DATA FOR THIS TASK:
- - - - - - -

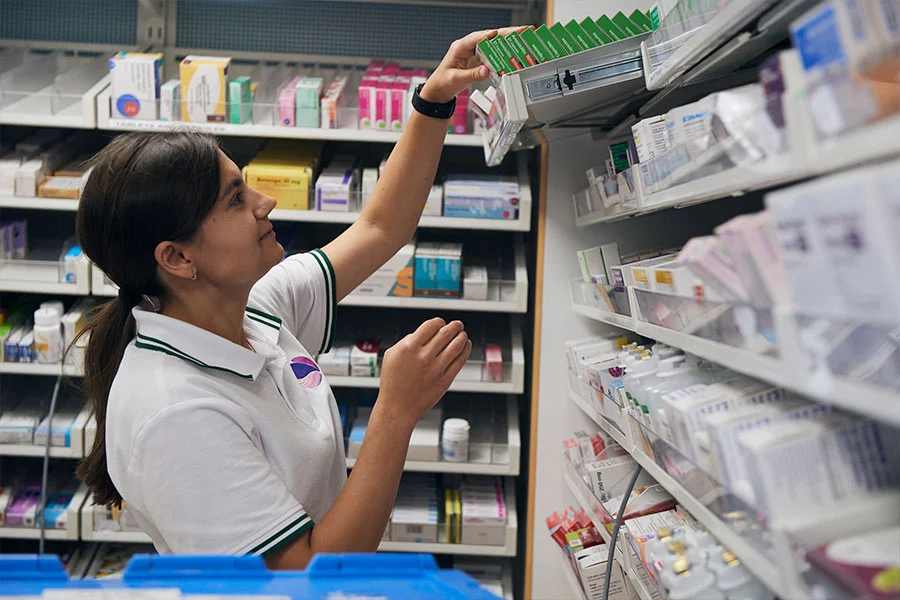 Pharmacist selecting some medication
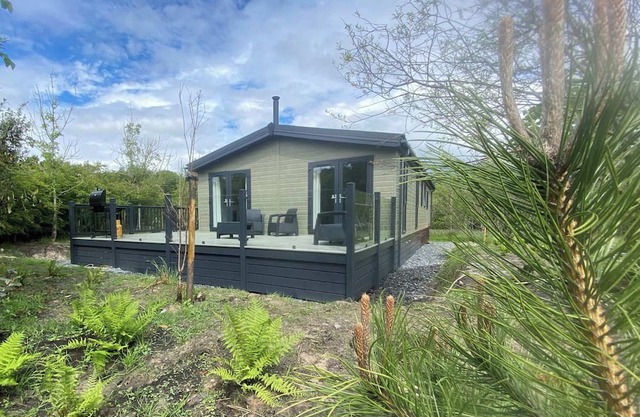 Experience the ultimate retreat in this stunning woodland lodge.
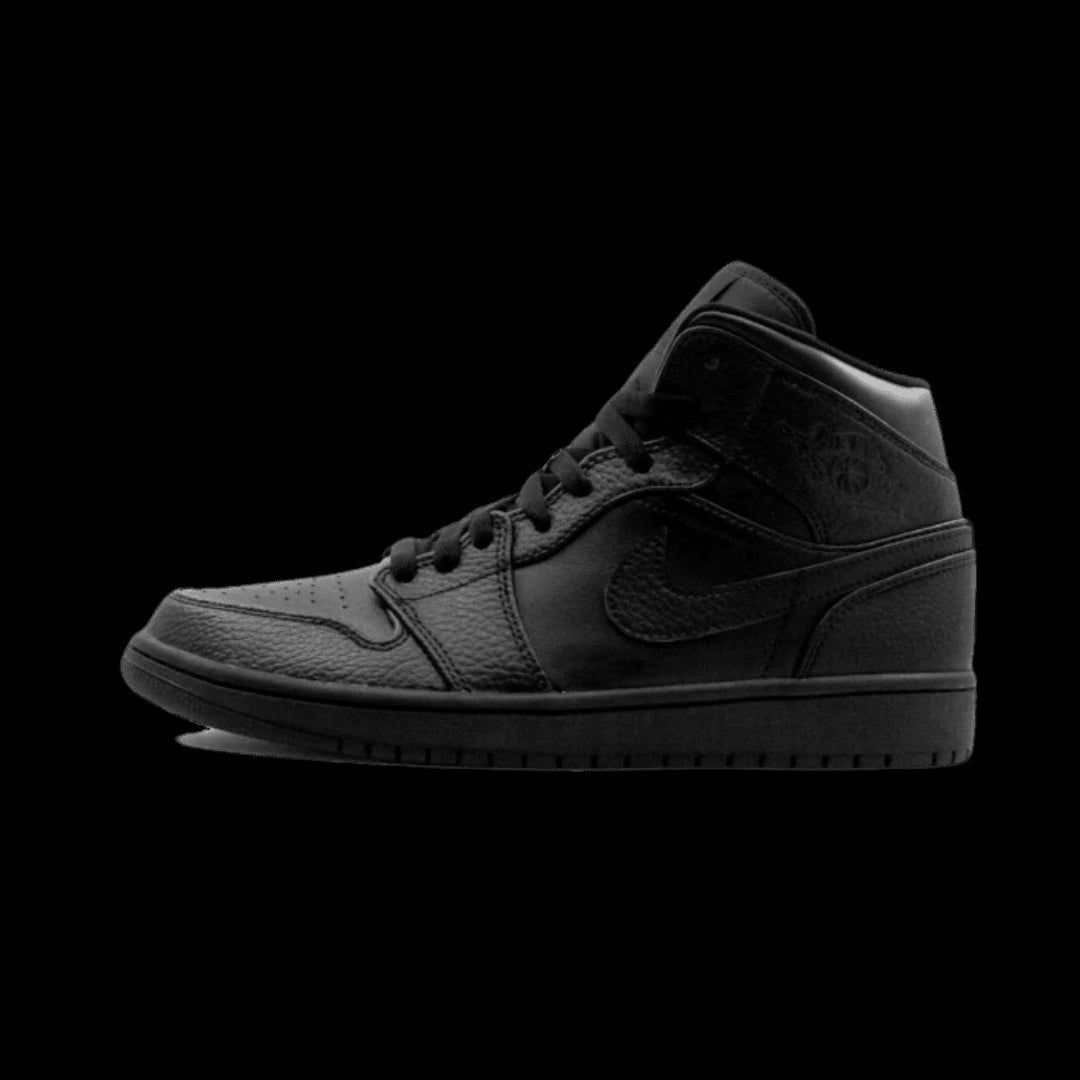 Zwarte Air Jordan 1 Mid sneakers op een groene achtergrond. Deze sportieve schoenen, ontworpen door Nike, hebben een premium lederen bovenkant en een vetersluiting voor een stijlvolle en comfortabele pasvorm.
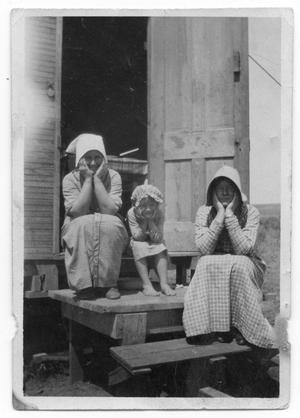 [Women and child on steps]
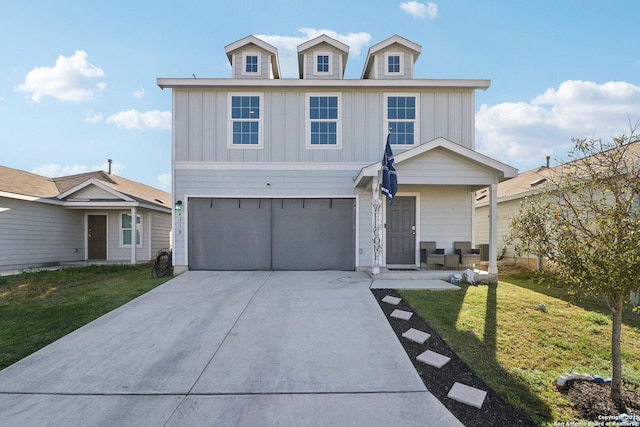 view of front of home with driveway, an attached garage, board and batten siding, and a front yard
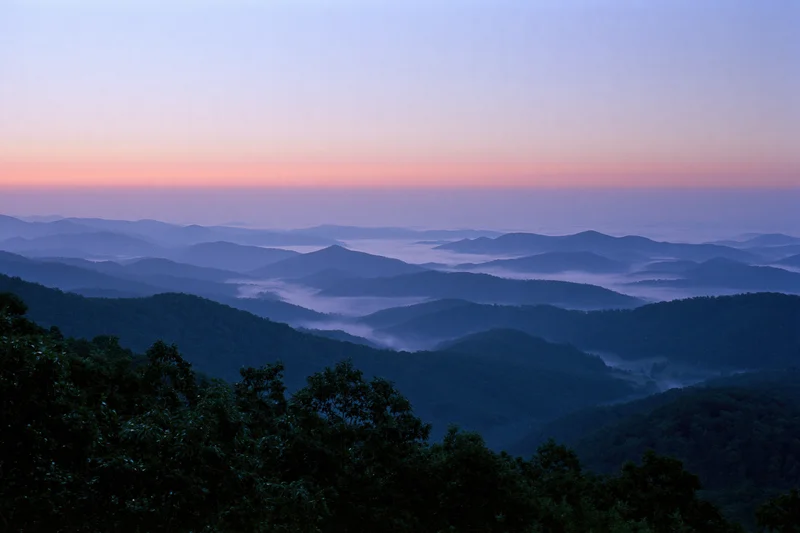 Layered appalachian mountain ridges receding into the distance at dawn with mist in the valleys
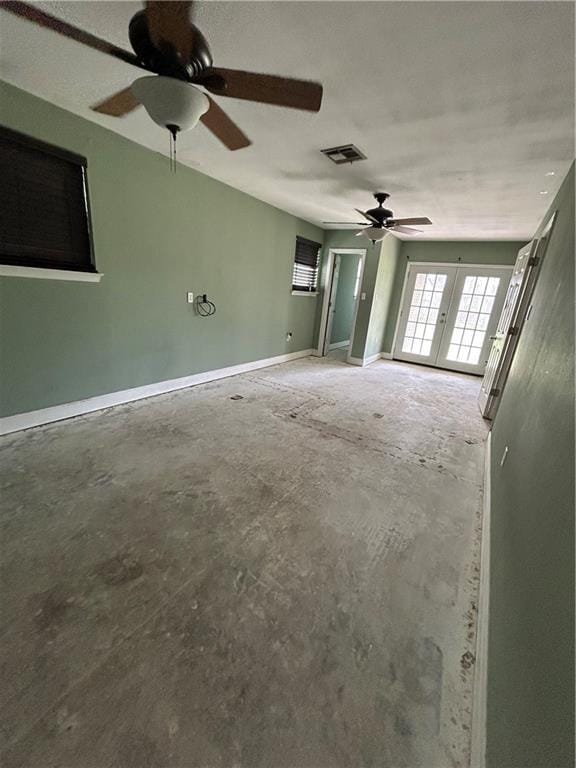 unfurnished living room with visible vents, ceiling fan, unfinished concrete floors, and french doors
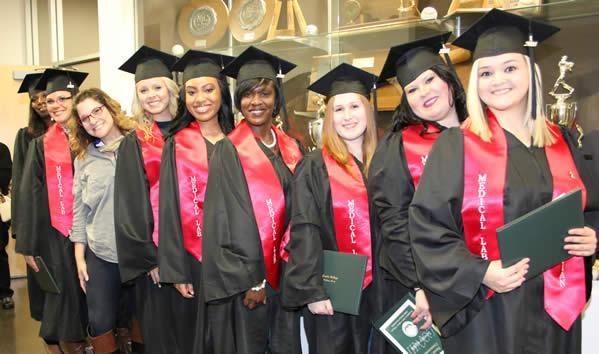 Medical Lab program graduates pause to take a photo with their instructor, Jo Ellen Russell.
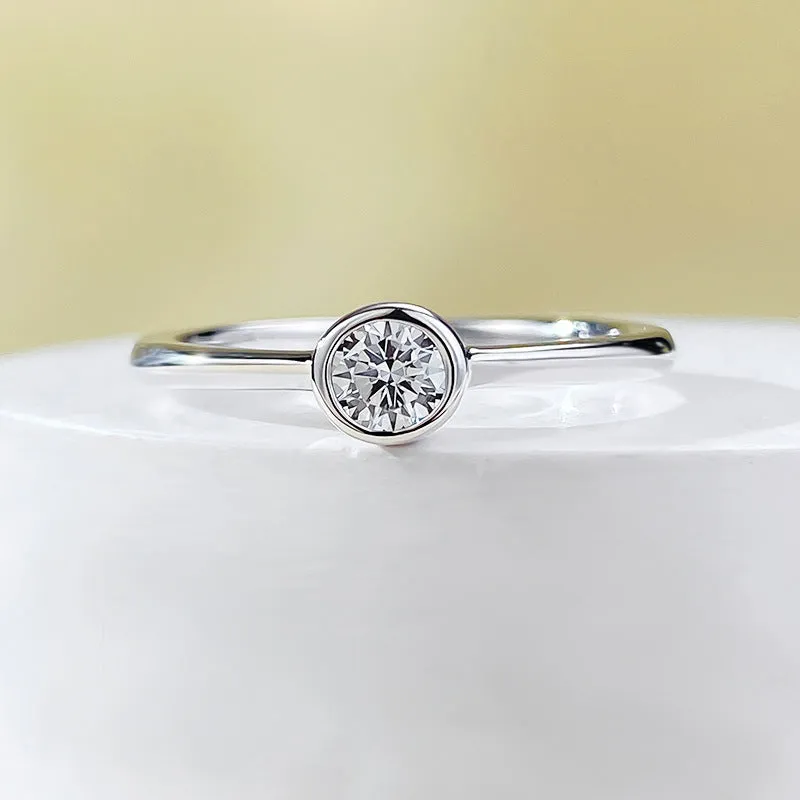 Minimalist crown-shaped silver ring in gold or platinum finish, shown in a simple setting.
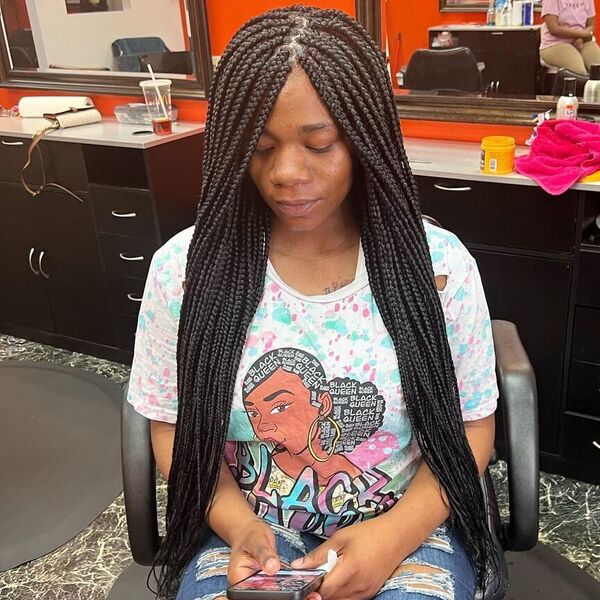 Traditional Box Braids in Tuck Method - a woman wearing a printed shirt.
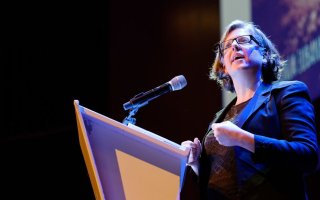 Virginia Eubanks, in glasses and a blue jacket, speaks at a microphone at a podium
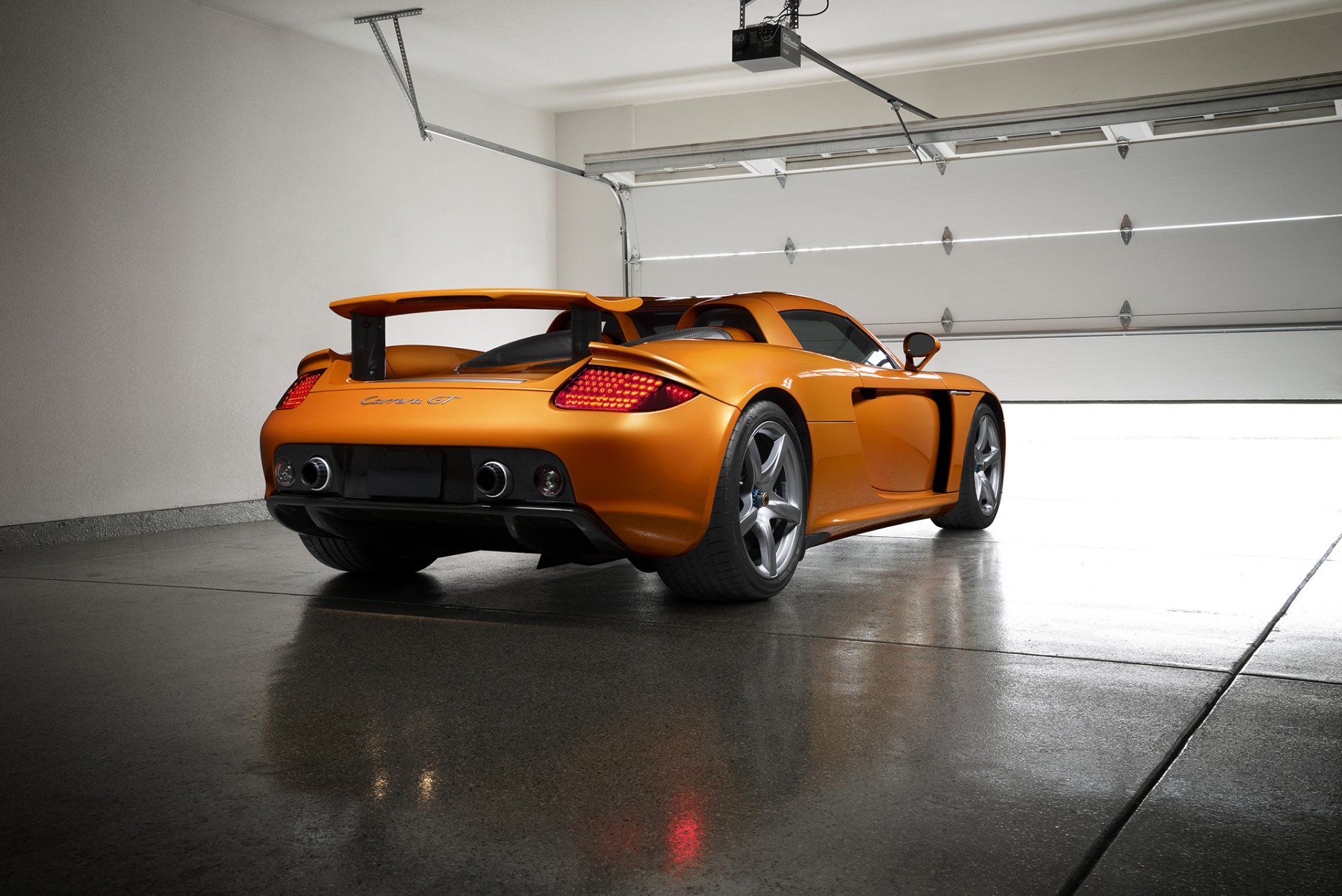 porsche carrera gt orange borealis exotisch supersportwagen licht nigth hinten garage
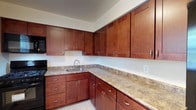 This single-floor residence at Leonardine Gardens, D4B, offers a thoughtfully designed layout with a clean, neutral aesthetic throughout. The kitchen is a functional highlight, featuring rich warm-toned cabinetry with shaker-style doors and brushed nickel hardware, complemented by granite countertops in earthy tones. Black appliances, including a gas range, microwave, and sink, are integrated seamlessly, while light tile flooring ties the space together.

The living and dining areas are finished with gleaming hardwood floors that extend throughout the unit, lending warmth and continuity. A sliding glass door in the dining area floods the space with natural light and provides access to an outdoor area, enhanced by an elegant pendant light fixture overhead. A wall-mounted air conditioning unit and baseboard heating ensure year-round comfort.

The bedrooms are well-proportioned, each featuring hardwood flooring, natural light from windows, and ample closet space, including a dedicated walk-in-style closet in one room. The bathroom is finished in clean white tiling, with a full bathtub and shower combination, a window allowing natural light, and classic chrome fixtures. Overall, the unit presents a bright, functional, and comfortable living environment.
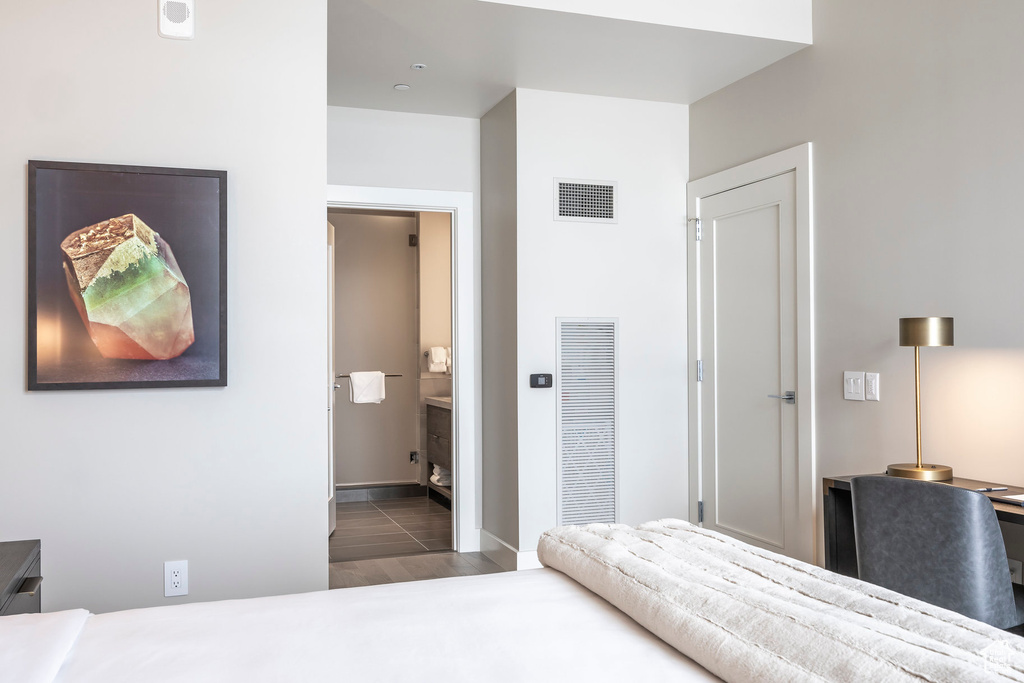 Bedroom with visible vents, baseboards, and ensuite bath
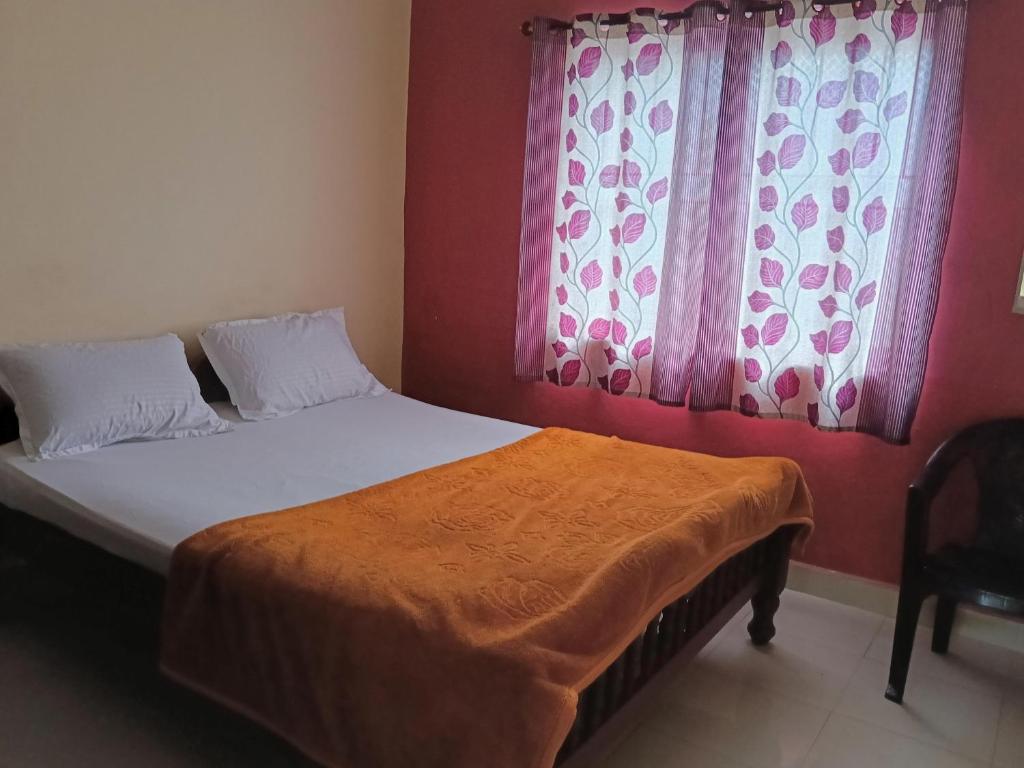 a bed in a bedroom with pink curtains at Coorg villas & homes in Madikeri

- - - - - - -

Using the entries above, repeat exactly the lines from the one with "unfurnished living room" to the one with "porsche carrera gt", both included, and leave the pictures behind.

 unfurnished living room with visible vents, ceiling fan, unfinished concrete floors, and french doors
 Medical Lab program graduates pause to take a photo with their instructor, Jo Ellen Russell.
 Minimalist crown-shaped silver ring in gold or platinum finish, shown in a simple setting.
 Traditional Box Braids in Tuck Method - a woman wearing a printed shirt.
 Virginia Eubanks, in glasses and a blue jacket, speaks at a microphone at a podium
 porsche carrera gt orange borealis exotisch supersportwagen licht nigth hinten garage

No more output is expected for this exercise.